In the background hovered the power-sharing agreement with Gantz that many think Netanyahu never intended to honor, and the prime minister’s corruption trial, which he could derail by forming a more pliant coalition that would pass legislation shielding him from prosecution.
“Netanyahu is taking us to elections just so he doesn’t have to show up in court,” Gantz said in a statement. The prime minister’s trial on bribery and fraud charges is set to kick into high gear in February.
Their marriage of inconvenience broke down after Likud reneged on its pledge to support a two-year budget through 2021. The tussle was as much about politics as economics. A one-year plan would have given Netanyahu a loophole to bring down the government over next year’s budget before Gantz could become premier next November.
The men made a last-ditch effort to avert the vote after popular former cabinet minister Gideon Sa’ar bolted Likud earlier this month to form his own party. But rebel lawmakers in both Blue and White and Likud forced a new election early Tuesday by rejecting a bill that would have briefly extended the budget deadline to give Netanyahu and Gantz more time to try to reach a compromise.
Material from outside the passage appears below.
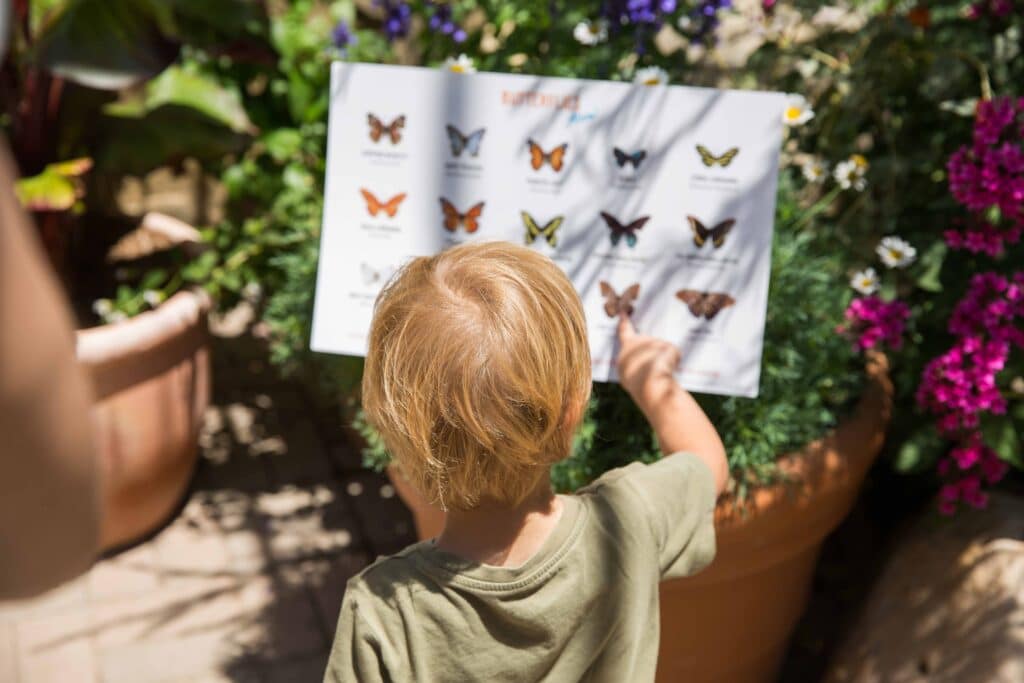 Kind schaut sich Arten von Schmetterlingen an: Sommer in der Kita, Waldtage, Naturerlebnisse und Lernchancen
Both leaders will enter the contest badly weakened. Support for Netanyahu has sunken following a bungled reopening of the economy after the government was installed in mid-May. Protests against his leadership have drawn thousands across the country weekly since late June.
Polls suggest the nationalist Sa’ar might be able to siphon off enough voters from both the right and center to unseat the country’s longest-serving leader.
Gantz’s Blue and White, which splintered after he teamed up with Netanyahu, is now hovering dangerously close to the threshold for entering parliament, the surveys show.
“Israel’s ongoing political crisis will continue as long as Netanyahu remains prime minister and a government cannot be formed without him,” said Yohanan Plesner, president of the Israel Democracy Institute research center.
“We enter this election with a clear advantage in polls for the political right, but also the growing possibility of a coalition that refuses to cooperate with Netanyahu.”